Contending for the faith | Making Disciples | Equipping the Saints for Ministry

       Q: “I have heard that we are to rejoice over the death of the wicked, but in another Scripture we are told not to rejoice when our enemies fall. This seems a contradiction to me. Can you explain?”

      A: This is a good question and there is an explanation. We are told in Proverbs 11:10-11, “When it goeth well with the righteous, the city rejoiceth: and when the wicked perish, there is shouting.” If you notice this Scripture has to do with those in government. Keep in mind God holds all government officials and religious leaders to a greater level of accountability because they have been entrusted with much.

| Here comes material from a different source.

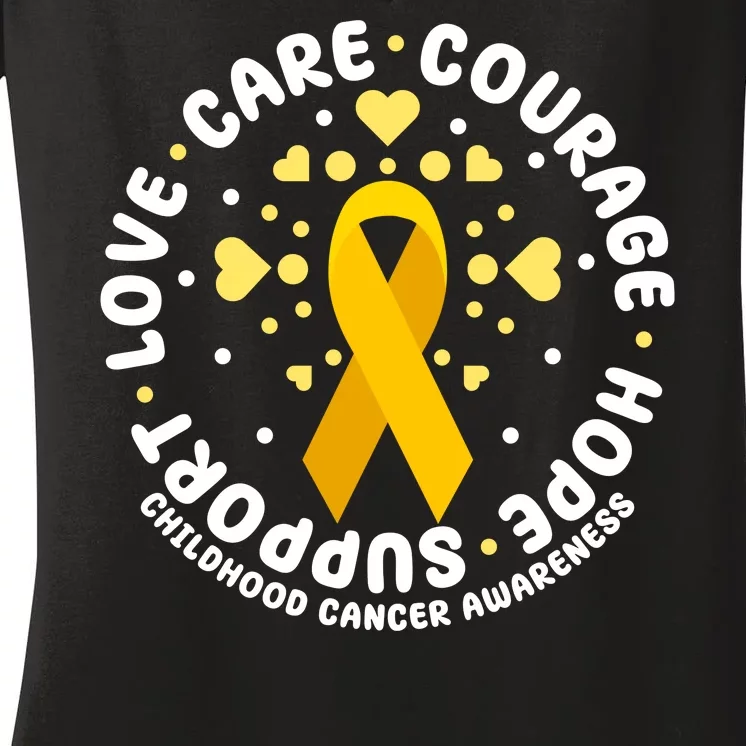 Childhood Cancer Awareness Support Family Women's V-Neck T-Shirt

      When the righteous are overseeing a city, God is able to bless it because righteous practices are in place and fair justice is being executed. However, when the wicked are in charge, God’s blessings will be profaned or quenched and people will find themselves oppressed, while such wicked people abuse their power by robbing from whoever, as well as killing what stands in the way, and destroying what is pure and just.

      Needless to say, when wicked leaders are brought down, people shout with joy. I have seen this in my lifetime. I remember after the fall of a communistic regime, the leader along with his wife were led to face a firing squad that was televised to the world. Upon his death some people sighed, many shouted, and the rest tried to swallow the last of the bitter pill of death, destruction, and despair that this wicked husband and wife team had forced them to swallow for decades. Likewise, when Iraq fell, we watched the people of that country rejoice and tear down the statue of Saddam. The truth remains so that the people never mourn the fall or death of a wicked, unjust, tyrannical leader because of the great wave of destruction they have left behind.

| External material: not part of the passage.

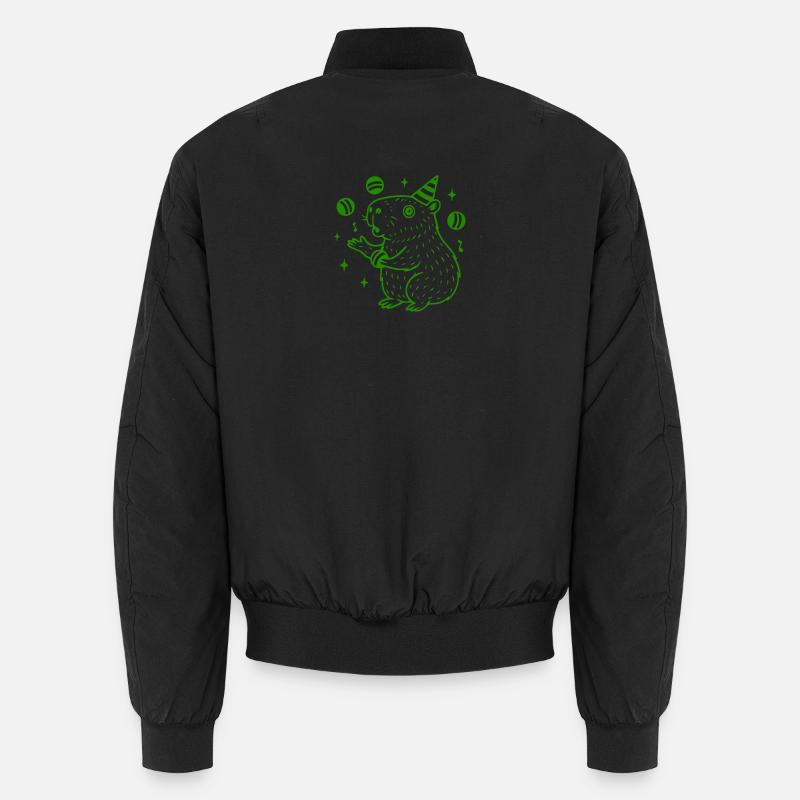 Party Capybara – Juggling Fun - Unisex Bomber Jacket - black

      In Proverbs 24:16-20 we are told, “For a just man falleth seven times, and riseth up again: but the wicked shall fall into mischief. Rejoice not when thine enemy falleth, and let not thine heart be glad when he stumbleth: Lest the LORD see it, and it displease him, and he turn away his wrath from him. Fret not thyself because of evil men, neither be thou envious at the wicked; For there shall be no reward to the evil man; the candle of the wicked shall be put out.”

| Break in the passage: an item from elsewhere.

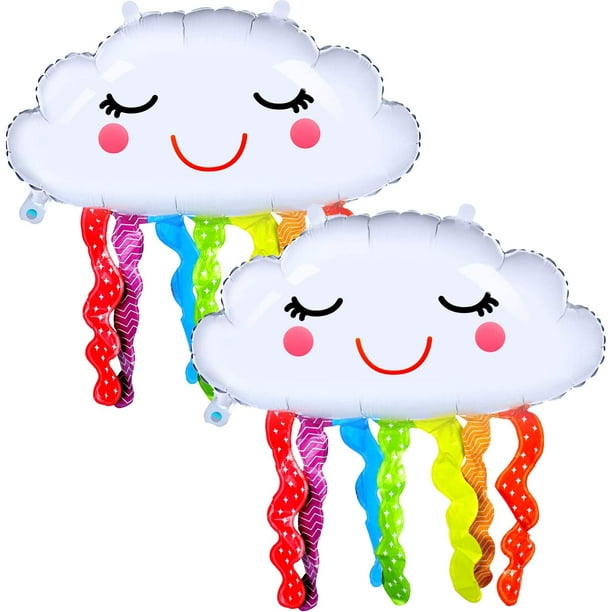 Paquete de 6 globos de papel de aluminio con forma de nube de arco iris, globos de papel de Mylar con nube de arco iris, globos con borlas de cara sonriente, decoraciones para fiesta de bienvenida de bebé de cumpleaños Ormromra WMZL-1298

      There are some simple truths in the above scriptures. Concerning leaders, they affect many people’s lives and ultimately the only one who brings leaders down is God, but in Proverbs 24, it is talking about a personal enemy who falls into sin and will come under judgment. It can be hard to watch an enemy get away with various things without paying any real consequences. It is natural to become angry at our enemy, bitter towards them when there are no apparent consequences, and desire vengeance when they seem to be blessed, but the Lord makes some sound principles clear.

      The first one is that the wicked will fall into mischief. In other words, they will naturally do wrong and as a result they will eventually come under judgment. The second thing we must notice is that we must not concern ourselves with whether the wicked man gets his just reward here, nor should we be envious of worldly blessings for in the end they will receive their just reward.

      This brings us to God’s concern about our attitudes towards personal enemies. We are called to a higher way of looking at our enemy. We need to be an example and witness before them. Our relationship with our enemies will test and expose our character. As Christians, we are to care for their soul as the Lord cared for our soul when we were His enemy, pray for them that they will see their need for Jesus, and do not wish their destruction or rejoice over their fall because that would point to a type of vengeful spirit on our part. Such a spirit reveals one as having a wrong attitude. Judgment always begins in the house of God, with God’s people and there are times we stand in the way of God dealing with our enemies because our attitude is wrong about them (Matthew 5:16, 43-46; James 4:4; 1 Peter 4:17). The truth is God sometimes puts off judging our enemy in order to avoid judging us for what would be clearly unscriptural and unacceptable to Him.

      The wicked will always be what they are, but as Christians we can’t be any less than what we are being called to be as far as having a right spirit, displaying an upright attitude, and responding in honorable conduct towards everyone, regardless of whether they are family, friend, or foe.